* Stored data entries *

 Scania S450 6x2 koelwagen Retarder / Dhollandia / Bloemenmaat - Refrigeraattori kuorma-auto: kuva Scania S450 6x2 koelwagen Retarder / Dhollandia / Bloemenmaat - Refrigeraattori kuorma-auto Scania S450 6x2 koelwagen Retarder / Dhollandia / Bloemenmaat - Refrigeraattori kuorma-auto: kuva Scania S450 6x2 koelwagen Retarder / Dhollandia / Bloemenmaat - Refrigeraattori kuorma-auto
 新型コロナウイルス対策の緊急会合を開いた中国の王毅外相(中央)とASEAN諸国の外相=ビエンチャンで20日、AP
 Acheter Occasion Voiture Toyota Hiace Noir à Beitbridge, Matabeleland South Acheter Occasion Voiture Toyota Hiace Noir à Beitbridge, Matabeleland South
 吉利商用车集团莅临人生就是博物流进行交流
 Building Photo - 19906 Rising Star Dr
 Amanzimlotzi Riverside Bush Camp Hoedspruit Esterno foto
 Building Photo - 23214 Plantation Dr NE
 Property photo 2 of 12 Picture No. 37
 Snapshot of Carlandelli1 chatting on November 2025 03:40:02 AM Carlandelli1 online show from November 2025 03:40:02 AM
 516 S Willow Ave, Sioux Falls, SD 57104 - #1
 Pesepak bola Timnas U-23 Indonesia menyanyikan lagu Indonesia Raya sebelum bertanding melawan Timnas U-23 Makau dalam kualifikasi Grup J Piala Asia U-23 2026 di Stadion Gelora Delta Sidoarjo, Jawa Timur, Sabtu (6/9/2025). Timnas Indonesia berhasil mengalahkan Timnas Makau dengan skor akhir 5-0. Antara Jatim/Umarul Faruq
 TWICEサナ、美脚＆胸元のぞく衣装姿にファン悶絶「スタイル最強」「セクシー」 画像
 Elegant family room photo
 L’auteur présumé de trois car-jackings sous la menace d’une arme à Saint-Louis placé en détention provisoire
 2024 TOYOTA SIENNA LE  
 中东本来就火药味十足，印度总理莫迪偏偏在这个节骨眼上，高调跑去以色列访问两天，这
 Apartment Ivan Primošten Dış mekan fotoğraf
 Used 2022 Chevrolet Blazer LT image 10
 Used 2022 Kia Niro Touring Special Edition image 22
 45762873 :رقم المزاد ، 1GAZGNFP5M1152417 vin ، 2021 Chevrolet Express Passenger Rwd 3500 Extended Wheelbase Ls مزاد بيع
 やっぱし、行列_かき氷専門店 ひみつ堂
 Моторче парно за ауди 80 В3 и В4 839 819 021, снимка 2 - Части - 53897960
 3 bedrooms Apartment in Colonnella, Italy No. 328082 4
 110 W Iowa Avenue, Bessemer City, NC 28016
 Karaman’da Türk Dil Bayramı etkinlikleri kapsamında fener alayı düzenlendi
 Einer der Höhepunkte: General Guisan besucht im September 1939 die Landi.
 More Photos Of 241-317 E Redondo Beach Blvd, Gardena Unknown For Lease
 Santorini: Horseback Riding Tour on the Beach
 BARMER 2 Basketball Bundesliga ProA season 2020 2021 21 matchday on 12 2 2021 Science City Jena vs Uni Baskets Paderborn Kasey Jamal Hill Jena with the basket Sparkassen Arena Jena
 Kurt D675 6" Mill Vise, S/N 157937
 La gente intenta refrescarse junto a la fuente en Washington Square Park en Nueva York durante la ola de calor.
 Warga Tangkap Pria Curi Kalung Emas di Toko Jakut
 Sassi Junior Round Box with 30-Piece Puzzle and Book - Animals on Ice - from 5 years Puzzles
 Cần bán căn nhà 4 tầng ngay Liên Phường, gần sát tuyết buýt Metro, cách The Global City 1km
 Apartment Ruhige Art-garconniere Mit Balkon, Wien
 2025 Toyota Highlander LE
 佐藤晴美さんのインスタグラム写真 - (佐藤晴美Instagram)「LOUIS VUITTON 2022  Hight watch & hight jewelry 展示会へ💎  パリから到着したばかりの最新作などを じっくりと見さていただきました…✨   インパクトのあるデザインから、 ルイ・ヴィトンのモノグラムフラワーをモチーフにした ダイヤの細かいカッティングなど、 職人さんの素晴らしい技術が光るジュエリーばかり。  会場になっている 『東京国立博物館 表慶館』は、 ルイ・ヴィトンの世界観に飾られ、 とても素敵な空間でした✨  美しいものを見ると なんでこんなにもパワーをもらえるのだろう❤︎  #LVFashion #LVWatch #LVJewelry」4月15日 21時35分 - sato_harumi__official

* TASK BRIEF *
Copy all of the data exactly. Skip nothing.

* RESPONSE AREA *
 Scania S450 6x2 koelwagen Retarder / Dhollandia / Bloemenmaat - Refrigeraattori kuorma-auto: kuva Scania S450 6x2 koelwagen Retarder / Dhollandia / Bloemenmaat - Refrigeraattori kuorma-auto Scania S450 6x2 koelwagen Retarder / Dhollandia / Bloemenmaat - Refrigeraattori kuorma-auto: kuva Scania S450 6x2 koelwagen Retarder / Dhollandia / Bloemenmaat - Refrigeraattori kuorma-auto
 新型コロナウイルス対策の緊急会合を開いた中国の王毅外相(中央)とASEAN諸国の外相=ビエンチャンで20日、AP
 Acheter Occasion Voiture Toyota Hiace Noir à Beitbridge, Matabeleland South Acheter Occasion Voiture Toyota Hiace Noir à Beitbridge, Matabeleland South
 吉利商用车集团莅临人生就是博物流进行交流
 Building Photo - 19906 Rising Star Dr
 Amanzimlotzi Riverside Bush Camp Hoedspruit Esterno foto
 Building Photo - 23214 Plantation Dr NE
 Property photo 2 of 12 Picture No. 37
 Snapshot of Carlandelli1 chatting on November 2025 03:40:02 AM Carlandelli1 online show from November 2025 03:40:02 AM
 516 S Willow Ave, Sioux Falls, SD 57104 - #1
 Pesepak bola Timnas U-23 Indonesia menyanyikan lagu Indonesia Raya sebelum bertanding melawan Timnas U-23 Makau dalam kualifikasi Grup J Piala Asia U-23 2026 di Stadion Gelora Delta Sidoarjo, Jawa Timur, Sabtu (6/9/2025). Timnas Indonesia berhasil mengalahkan Timnas Makau dengan skor akhir 5-0. Antara Jatim/Umarul Faruq
 TWICEサナ、美脚＆胸元のぞく衣装姿にファン悶絶「スタイル最強」「セクシー」 画像
 Elegant family room photo
 L’auteur présumé de trois car-jackings sous la menace d’une arme à Saint-Louis placé en détention provisoire
 2024 TOYOTA SIENNA LE  
 中东本来就火药味十足，印度总理莫迪偏偏在这个节骨眼上，高调跑去以色列访问两天，这
 Apartment Ivan Primošten Dış mekan fotoğraf
 Used 2022 Chevrolet Blazer LT image 10
 Used 2022 Kia Niro Touring Special Edition image 22
 45762873 :رقم المزاد ، 1GAZGNFP5M1152417 vin ، 2021 Chevrolet Express Passenger Rwd 3500 Extended Wheelbase Ls مزاد بيع
 やっぱし、行列_かき氷専門店 ひみつ堂
 Моторче парно за ауди 80 В3 и В4 839 819 021, снимка 2 - Части - 53897960
 3 bedrooms Apartment in Colonnella, Italy No. 328082 4
 110 W Iowa Avenue, Bessemer City, NC 28016
 Karaman’da Türk Dil Bayramı etkinlikleri kapsamında fener alayı düzenlendi
 Einer der Höhepunkte: General Guisan besucht im September 1939 die Landi.
 More Photos Of 241-317 E Redondo Beach Blvd, Gardena Unknown For Lease
 Santorini: Horseback Riding Tour on the Beach
 BARMER 2 Basketball Bundesliga ProA season 2020 2021 21 matchday on 12 2 2021 Science City Jena vs Uni Baskets Paderborn Kasey Jamal Hill Jena with the basket Sparkassen Arena Jena
 Kurt D675 6" Mill Vise, S/N 157937
 La gente intenta refrescarse junto a la fuente en Washington Square Park en Nueva York durante la ola de calor.
 Warga Tangkap Pria Curi Kalung Emas di Toko Jakut
 Sassi Junior Round Box with 30-Piece Puzzle and Book - Animals on Ice - from 5 years Puzzles
 Cần bán căn nhà 4 tầng ngay Liên Phường, gần sát tuyết buýt Metro, cách The Global City 1km
 Apartment Ruhige Art-garconniere Mit Balkon, Wien
 2025 Toyota Highlander LE
 佐藤晴美さんのインスタグラム写真 - (佐藤晴美Instagram)「LOUIS VUITTON 2022  Hight watch & hight jewelry 展示会へ💎  パリから到着したばかりの最新作などを じっくりと見さていただきました…✨   インパクトのあるデザインから、 ルイ・ヴィトンのモノグラムフラワーをモチーフにした ダイヤの細かいカッティングなど、 職人さんの素晴らしい技術が光るジュエリーばかり。  会場になっている 『東京国立博物館 表慶館』は、 ルイ・ヴィトンの世界観に飾られ、 とても素敵な空間でした✨  美しいものを見ると なんでこんなにもパワーをもらえるのだろう❤︎  #LVFashion #LVWatch #LVJewelry」4月15日 21時35分 - sato_harumi__official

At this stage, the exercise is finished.